Indonesia Investigasi 

ACEH UTARA, 8 April 2026 – Aksi bersih-bersih yang dilakukan personel TNI dari Koramil 02/Kuta Makmur, jajaran Kodim 0103/Aceh Utara, di depan Kantor Camat Kuta Makmur, Rabu pagi, bukan sekadar kegiatan rutin. Kegiatan tersebut dilaksanakan atas perintah langsung Danramil 02 Kuta Makmur, Letda Inf Andriyanto, sebagai respons atas kondisi lingkungan yang terus tercemar oleh sampah.

Tumpukan sampah yang berulang kali muncul di depan kantor pemerintahan itu dinilai telah melampaui batas toleransi. Aparat menegaskan, persoalan ini bukan lagi sekadar kebersihan, melainkan telah masuk ranah pelanggaran hukum yang harus ditindak tegas.

Bacaan Lainnya

Ancaman Nyata: Denda dan Penjara

Berdasarkan ketentuan hukum yang berlaku, pelaku pembuangan sampah sembarangan dapat dijerat dengan sanksi berat. Mengacu pada Undang-Undang Nomor 18 Tahun 2008 tentang Pengelolaan Sampah, tindakan yang menyebabkan pencemaran lingkungan dapat berujung pidana.

Selain itu, dalam Qanun Kabupaten Aceh Utara tentang Ketertiban Umum, pelanggaran tersebut masuk dalam kategori Tindak Pidana Ringan (Tipiring) dengan ancaman:

Denda maksimal Rp50.000.000

Kurungan paling lama 6 bulan

Perintah Tegas Danramil: Tidak Ada Lagi Toleransi

Komandan Koramil (Danramil) 02 Kuta Makmur, Letda Inf Andriyanto, menegaskan bahwa kegiatan pembersihan sekaligus penertiban ini merupakan langkah tegas yang tidak bisa ditawar lagi.

“Ini perintah langsung saya. Tidak boleh lagi ada yang buang sampah sembarangan di depan kantor camat. Kalau tertangkap, langsung diproses hukum. Tidak ada toleransi,” tegas Letda Inf Andriyanto.

Ia juga menginstruksikan jajarannya untuk meningkatkan pengawasan dan melakukan tindakan cepat terhadap pelanggar, termasuk kemungkinan operasi tangkap tangan (OTT) di lokasi rawan.

Pengawasan Diperketat, Siap Tangkap Tangan

Koramil 02/Kuta Makmur akan memperkuat patroli rutin di sekitar kawasan Kantor Camat Kuta Makmur. Langkah ini diambil karena upaya persuasif dan pembersihan berkali-kali tidak diindahkan oleh oknum masyarakat.

Petugas di lapangan memastikan, setiap pelanggar yang tertangkap tangan akan langsung diamankan dan diserahkan ke Satpol PP/WH untuk diproses sesuai Qanun yang berlaku.

Citra Pemerintah Dipertaruhkan

Kondisi kumuh di depan kantor camat dinilai mencoreng wajah pemerintah di mata masyarakat. Lokasi yang seharusnya menjadi simbol pelayanan publik justru berubah menjadi titik pembuangan sampah liar.

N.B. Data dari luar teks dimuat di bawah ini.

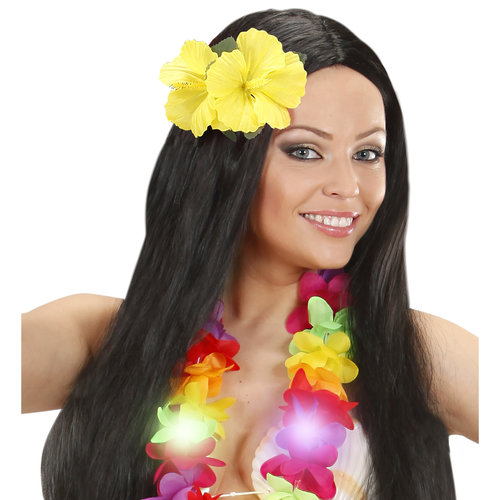 haarclip met 2x hibiscus geel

TNI menegaskan bahwa menjaga kebersihan lingkungan adalah tanggung jawab bersama, bukan hanya aparat.

Imbauan Tegas untuk Warga

Aparat berharap masyarakat tidak lagi menganggap remeh persoalan ini. Selain berdampak pada lingkungan, tindakan membuang sampah sembarangan kini memiliki konsekuensi hukum yang serius.

Warga diminta untuk membuang sampah pada tempat yang telah disediakan serta ikut menjaga kebersihan wilayah.